Parker was born in Thomasville, Alabama and was reared in Edgewood and Chillicothe, Texas where his father worked in a dry goods store. Nevertheless, many of his uncles were Baptist ministers.
In 1922 the family moved back to Thomasville, and Parker began working at a soda fountain and delivering newspapers while attending Thomasville High School, where despite his size, he proved a respectable football player.
In 1927, Parker matriculated at Birmingham Southern College, where he "dropped the pretense of religion," played football, and spent most of the rest of his time “frolicking, drinking, dancing, and running around with a wild gang.” After being caught in prank by students at a rival college and having his hair shaved off, a friend nicknamed him “Monk,” a name that followed him through his evangelistic career.
Parker was converted in the Methodist church when he was nineteen.

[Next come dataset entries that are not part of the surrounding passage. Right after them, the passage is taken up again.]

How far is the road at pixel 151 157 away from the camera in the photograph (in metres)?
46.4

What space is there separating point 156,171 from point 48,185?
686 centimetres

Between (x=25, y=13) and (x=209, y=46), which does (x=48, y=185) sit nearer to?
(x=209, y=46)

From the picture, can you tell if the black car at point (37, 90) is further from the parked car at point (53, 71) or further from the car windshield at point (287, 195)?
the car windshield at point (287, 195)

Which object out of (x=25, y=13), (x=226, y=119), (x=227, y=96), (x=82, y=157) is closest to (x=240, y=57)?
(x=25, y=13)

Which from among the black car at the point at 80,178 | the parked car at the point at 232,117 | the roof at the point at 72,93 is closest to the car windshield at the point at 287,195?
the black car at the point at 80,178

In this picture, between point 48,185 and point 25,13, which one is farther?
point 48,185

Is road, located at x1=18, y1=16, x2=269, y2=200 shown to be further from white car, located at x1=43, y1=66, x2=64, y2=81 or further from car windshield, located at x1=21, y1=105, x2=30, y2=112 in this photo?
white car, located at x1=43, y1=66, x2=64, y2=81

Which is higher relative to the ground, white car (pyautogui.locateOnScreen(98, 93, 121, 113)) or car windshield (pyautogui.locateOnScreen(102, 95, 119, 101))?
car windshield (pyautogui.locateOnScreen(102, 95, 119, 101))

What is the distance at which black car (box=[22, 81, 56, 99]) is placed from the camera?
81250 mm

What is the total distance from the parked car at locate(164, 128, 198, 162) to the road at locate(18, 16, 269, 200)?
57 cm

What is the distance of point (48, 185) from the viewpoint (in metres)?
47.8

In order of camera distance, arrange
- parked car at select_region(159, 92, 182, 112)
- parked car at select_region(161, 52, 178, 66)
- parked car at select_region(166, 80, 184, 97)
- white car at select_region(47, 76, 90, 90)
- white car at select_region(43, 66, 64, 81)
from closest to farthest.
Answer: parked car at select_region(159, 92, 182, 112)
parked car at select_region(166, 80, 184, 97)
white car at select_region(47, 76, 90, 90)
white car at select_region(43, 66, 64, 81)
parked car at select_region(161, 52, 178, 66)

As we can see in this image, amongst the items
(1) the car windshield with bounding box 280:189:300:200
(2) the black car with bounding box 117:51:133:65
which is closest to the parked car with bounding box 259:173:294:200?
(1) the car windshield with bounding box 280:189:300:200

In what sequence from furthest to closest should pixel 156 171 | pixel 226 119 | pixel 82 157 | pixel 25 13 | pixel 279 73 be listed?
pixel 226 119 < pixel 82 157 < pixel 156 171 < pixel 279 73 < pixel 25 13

The same week he attended a lecture on “The Perils of America” given by Bob Jones, Sr., and in 1928, he transferred to Bob Jones College near Panama City, Florida. Parker became captain and quarterback of the successful, if underchallenged, BJC football team, and he was also elected president of the student body and president of the Student Ministerial Association. At BJC he met Harriette Stollenwerck, a cousin of Jones’s wife, and they were married on July 29, 1934.

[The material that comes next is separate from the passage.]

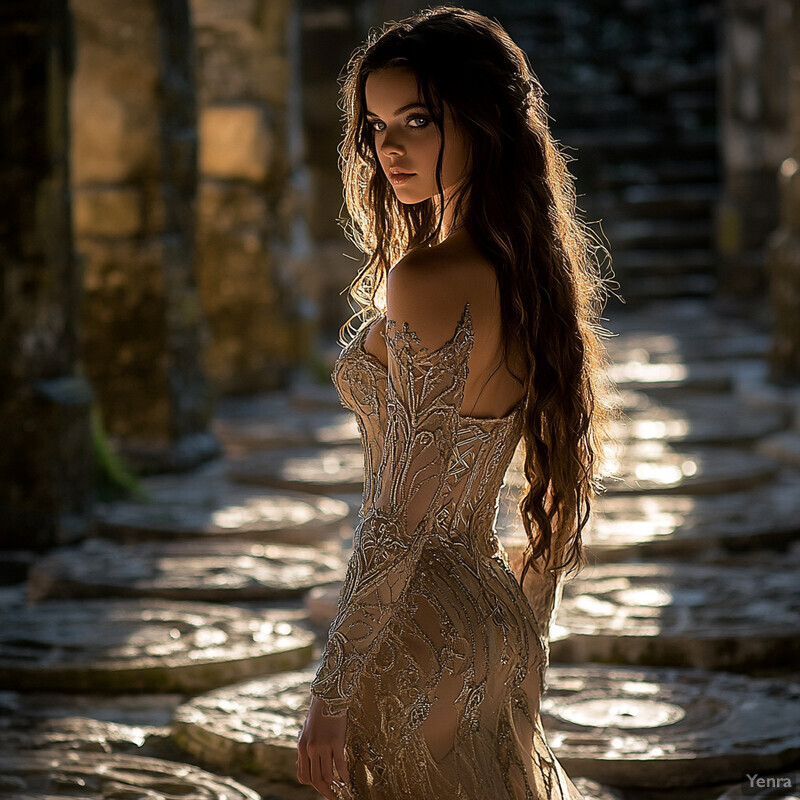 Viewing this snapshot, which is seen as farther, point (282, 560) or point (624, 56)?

On March 7, 1929, Parker preached his first sermon (which he had practiced by declaiming to a swamp near the campus) and “ten people came forward to accept Jesus Christ as Saviour.” Bob Jones asked Parker to become a summer evangelist, preach on a new radio station in Anniston, Alabama, and hold promotional meetings for the college. Alternating between hitchhiking and preaching, Parker made enough money that summer to return to college—although his financial situation did not improve much during the Depression. Back at BJC he recalled accidentally poking a hole in his worn-out shoes and "weeping like a child" because he did not have the money to buy new soles.
In 1937, after five years of full-time evangelism, Parker returned to Bob Jones College (which had since moved to Cleveland, Tennessee) to teach and serve as Director of Religious Activities. Eventually he became the assistant to Bob Jones. Meanwhile, he continued to hold evangelistic campaigns.